The Customer
A private equity-backed service provider specializing in landscaping, grounds maintenance, and tree services.
Challenge
The company was in the midst of rapid expansion, pursuing a private equity roll-up strategy with multiple bolt-on acquisitions completed in just 18 months. This aggressive growth presented several challenges:
Inconsistent historical financial reporting and the absence of audited financials.
Broad equipment financing needs ranging from brand-new to 10-year-old assets, including work trucks, cranes, grinders, mulchers, and bucket trucks.
A portion of financing capacity needed to support an LBO for a new tuck-in acquisition.

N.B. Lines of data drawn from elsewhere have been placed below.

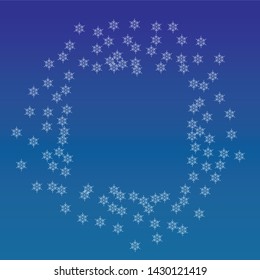 Snowflakes Christmas Background. Element of Design with Snow for a Postcard, Invitation Card, Banner, Flyer.  Vector Falling Snowflakes on a Blue Background


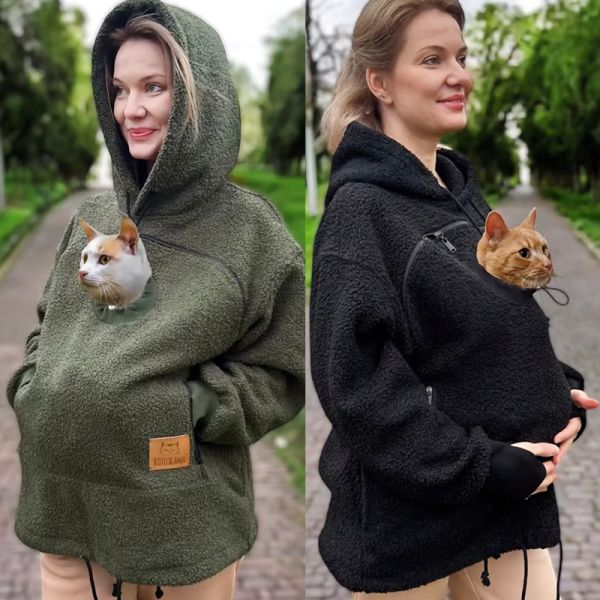 Cat Kangaroo Pocket Plush Hoodie 100% Polyester Jersey Fabric Breathable Windproof Anti-Pilling Unisex Winter Embroidered Print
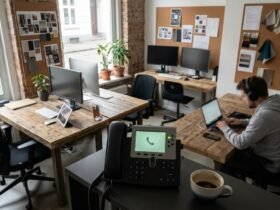 Kreativagentur mit halb besetzten Schreibtischen und einem klingelnden Telefon im Vordergrund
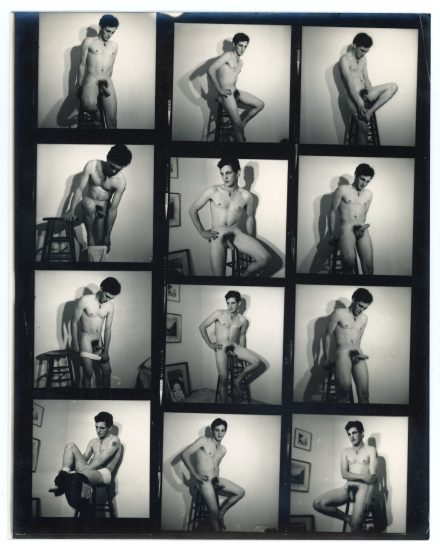 A black and white contact sheet of portraits of a nude male model.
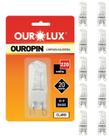 20 Lâmpadas Halógenas Ourolux Base G9 20W 220V Cor da Luz 2800K Branco Quente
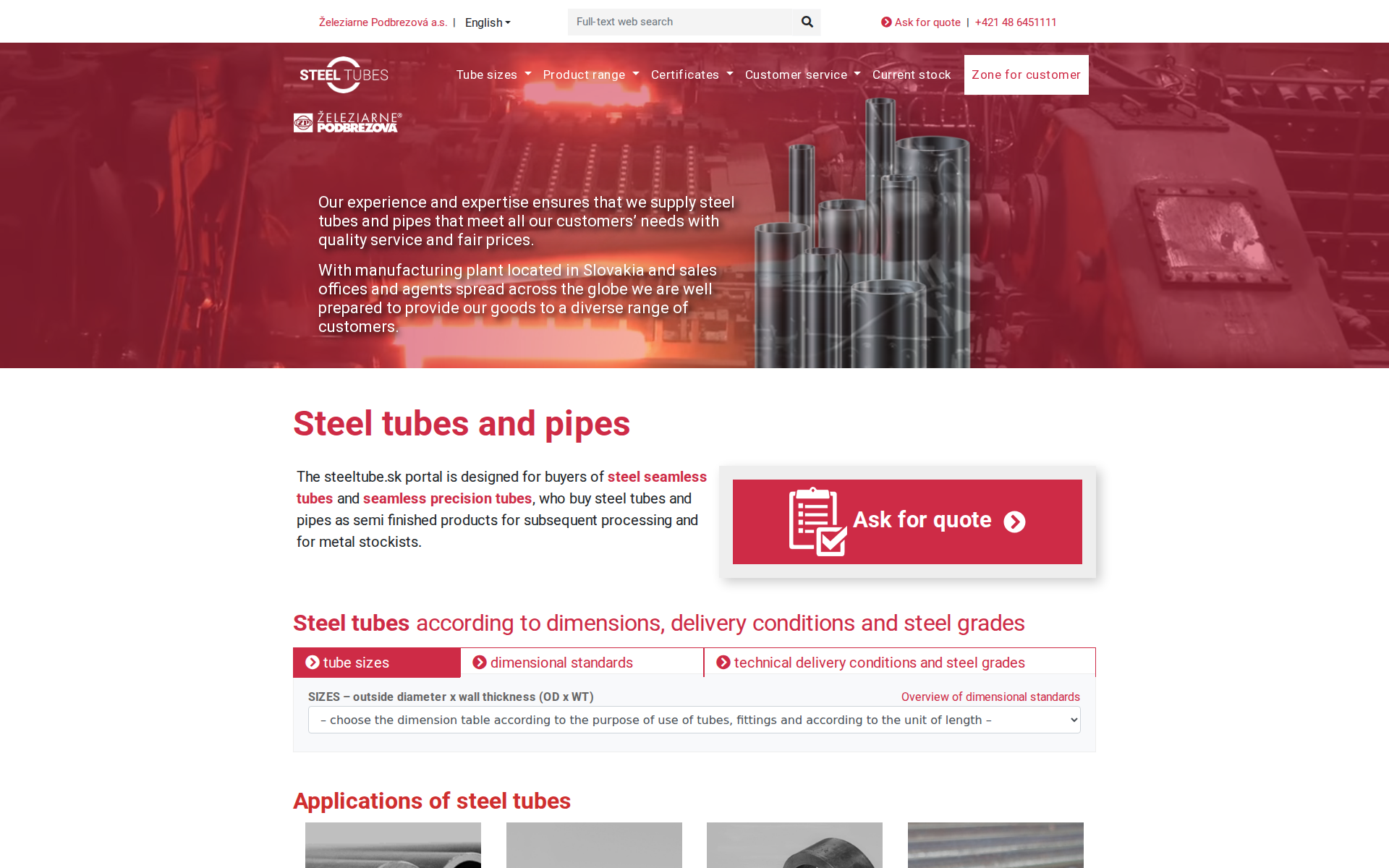 Náhľad webu steeltubes.sk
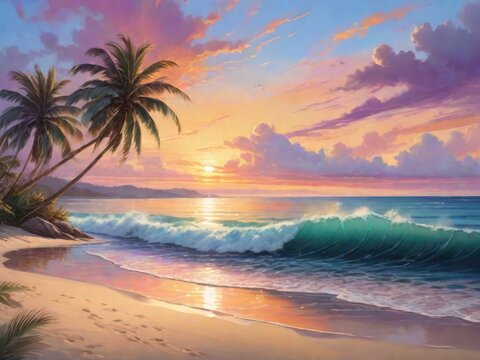 sunset on the beach With palm tree . illustration © MrJacki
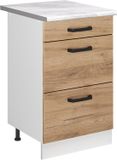 Vicco Keukenonderkast R-Line, Goudkleurig Eiken/Wit, 50 cm marmer werkblad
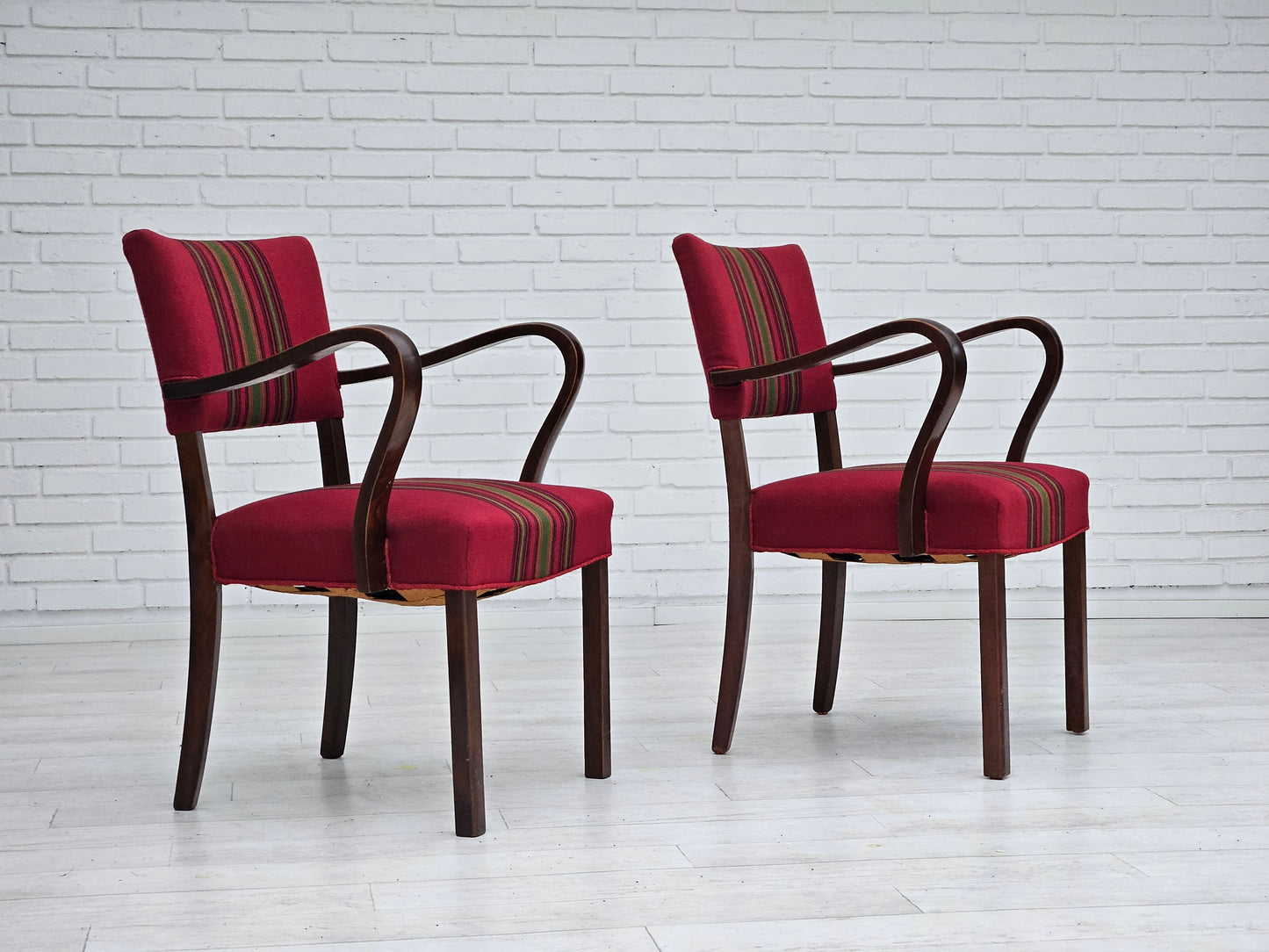 1950s, pair of Danish armchairs, original very good condition, ash wood.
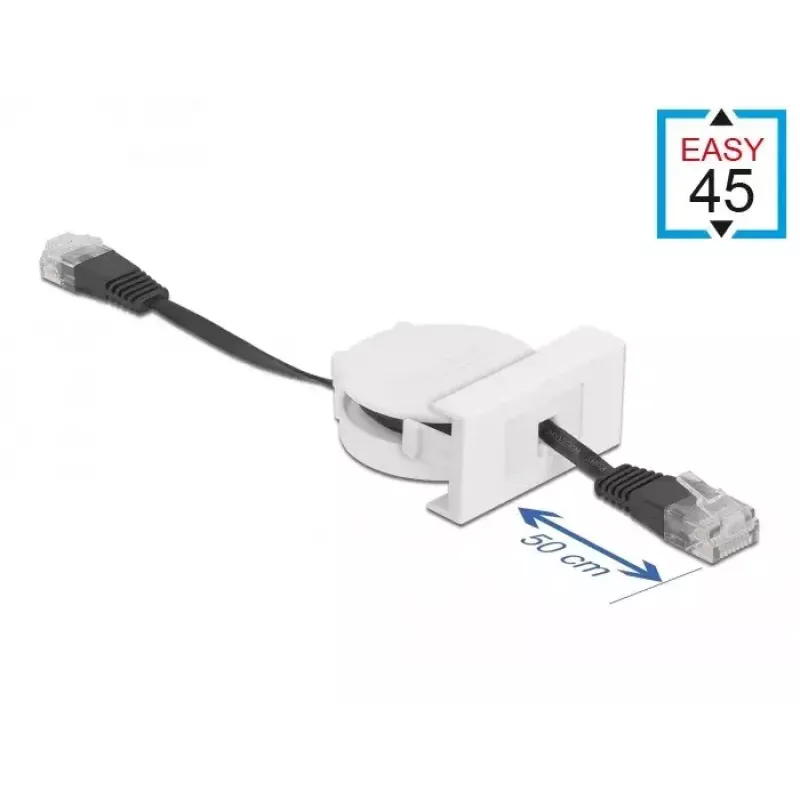 Netzwerk-Einziehkabel DeLOCK Easy 45 Modul RJ45 Cat.5e schwarz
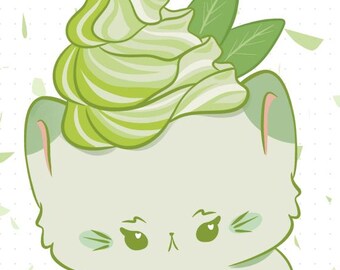 Taiyaki Cats: matcha-ijs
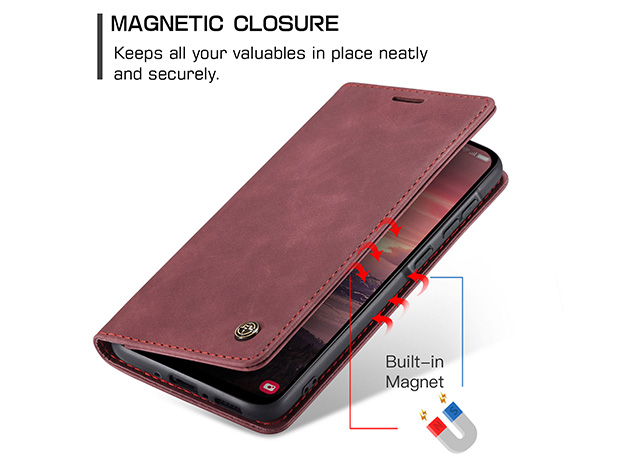CaseMe Slim Synthetic Leather Wallet Case with Stand for Samsung Galaxy A36 - Burgundy
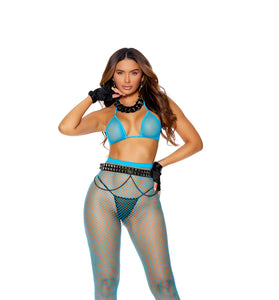 Diamond Net Bra Top and Matching Leggings EM-12092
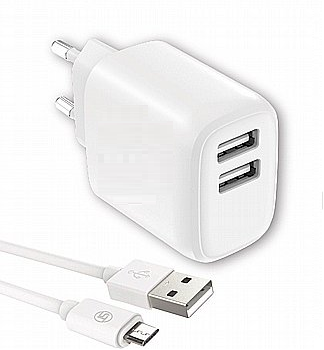 2XUSB wall charger with HI-TECH USB micro cable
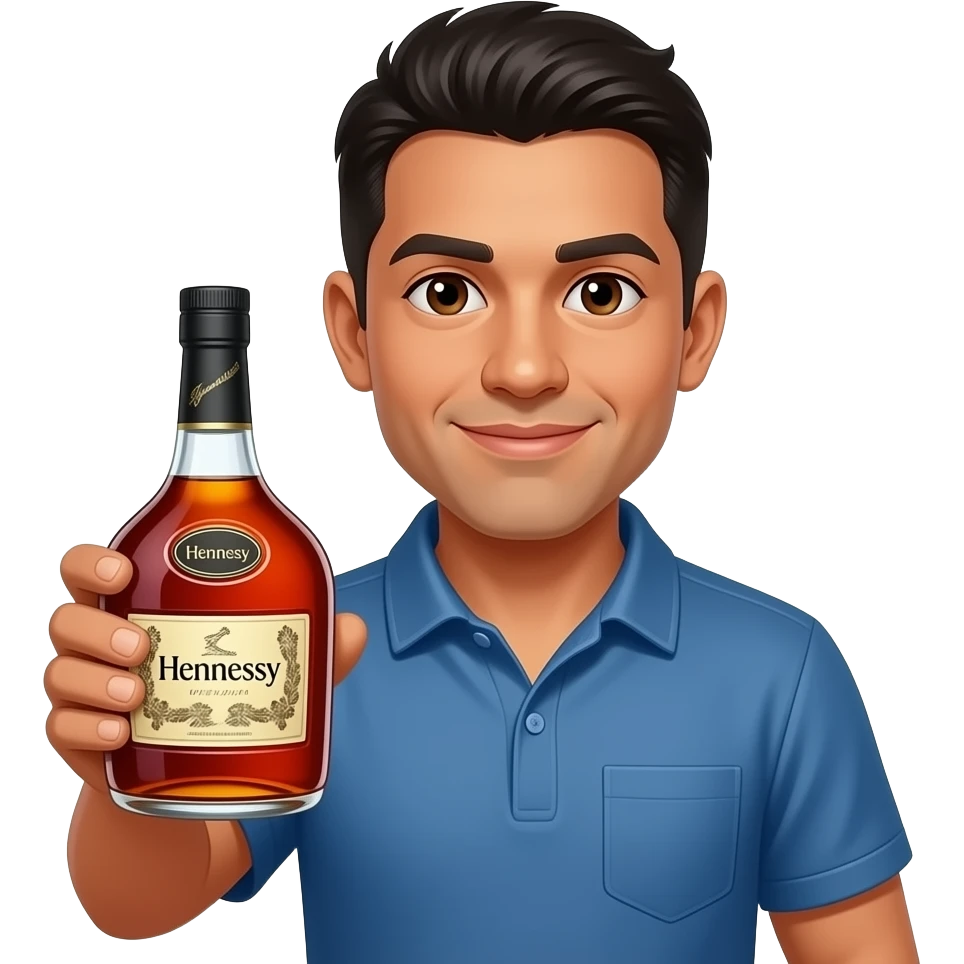 Hennessy bottle Hispanic man emoji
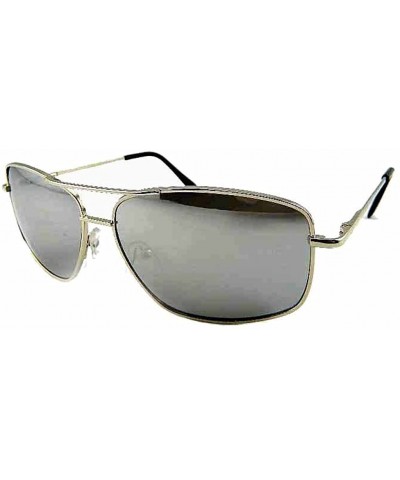 Aviator New Promotional Rectangular Aviator Sunglasses with Mirror lens - Silver - CX11EPUMBYB $18.27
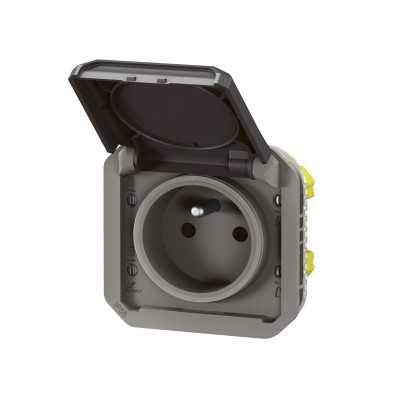 PLEXO ANTHRACITE PC 2P+T 16A 250V IP55 IK08 - COMPOSABLE
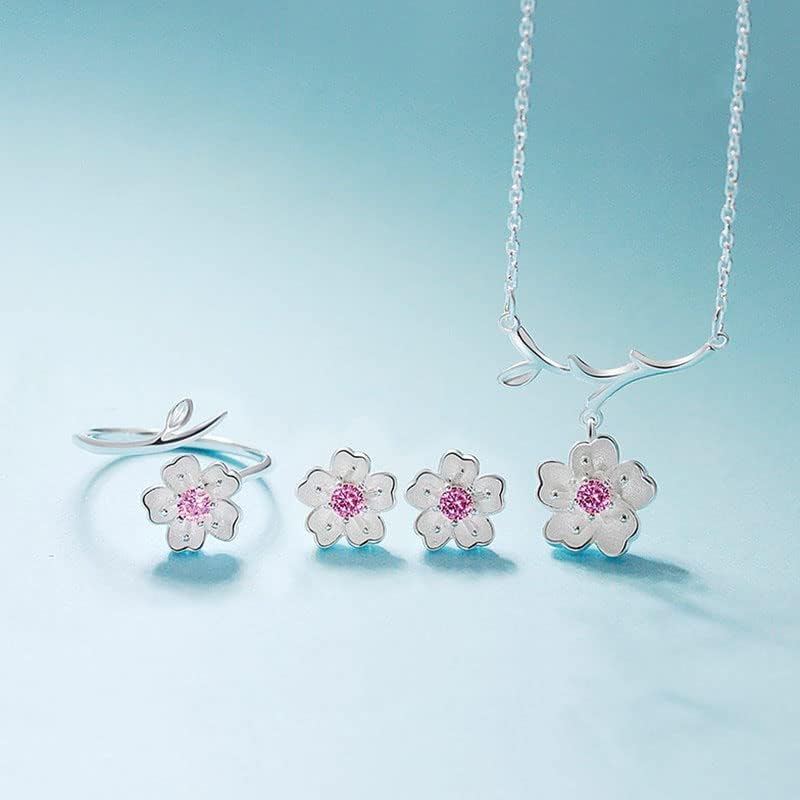 925 Sterling Silver Jewelry Sets Romantic Cherry Blossoms Flower Necklace+Earrings+Ring+Bracelet For Women Gift — image 4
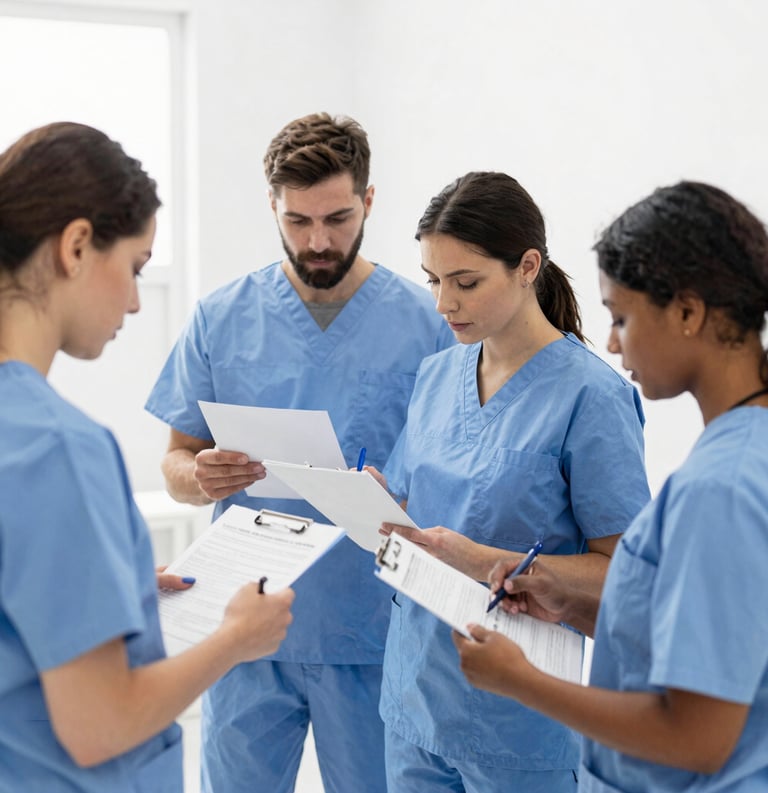 A group of young medical professionals in blue scrubs reviewing patient records on clipboards.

Ongoing integration efforts to streamline operations across newly acquired businesses.
The company’s senior lending facility was shared among other portfolio affiliates under the same private equity fund, limiting flexibility for standalone financing solutions.
Done Deal
First National Capital delivered a tailored $25,000,000 private equity equipment financing solution that supported both immediate operational needs and long-term growth initiatives:
New & Used Equipment Financing + Sale-Leaseback – Structured financing to acquire new assets and executed an equipment sale-leaseback to monetize existing assets, unlocking additional liquidity and working capital.
CAPEX Line of Credit for Growth – Provided a flexible drawdown structure to fund expansion and future acquisitions, reducing reliance on dilutive equity contributions from the private equity sponsor.
Strategic Partnership – FNC’s close alignment with ownership and management gave confidence in the company’s leadership and roll-up strategy, facilitating smooth execution.
Customized, Flexible Financing Structure – Leveraging FNC’s industry expertise, the financing plan was designed to align with the company’s aggressive growth capital strategy and operational needs.
Assurance to Close – By ensuring execution, FNC helped the company avoid delays that could have stalled growth, disrupted operations, or forced reliance on less favorable, higher-cost financing alternatives.
This comprehensive private equity financing solution allowed the client to continue its consolidation strategy, strengthen its market position, and maintain liquidity for future growth.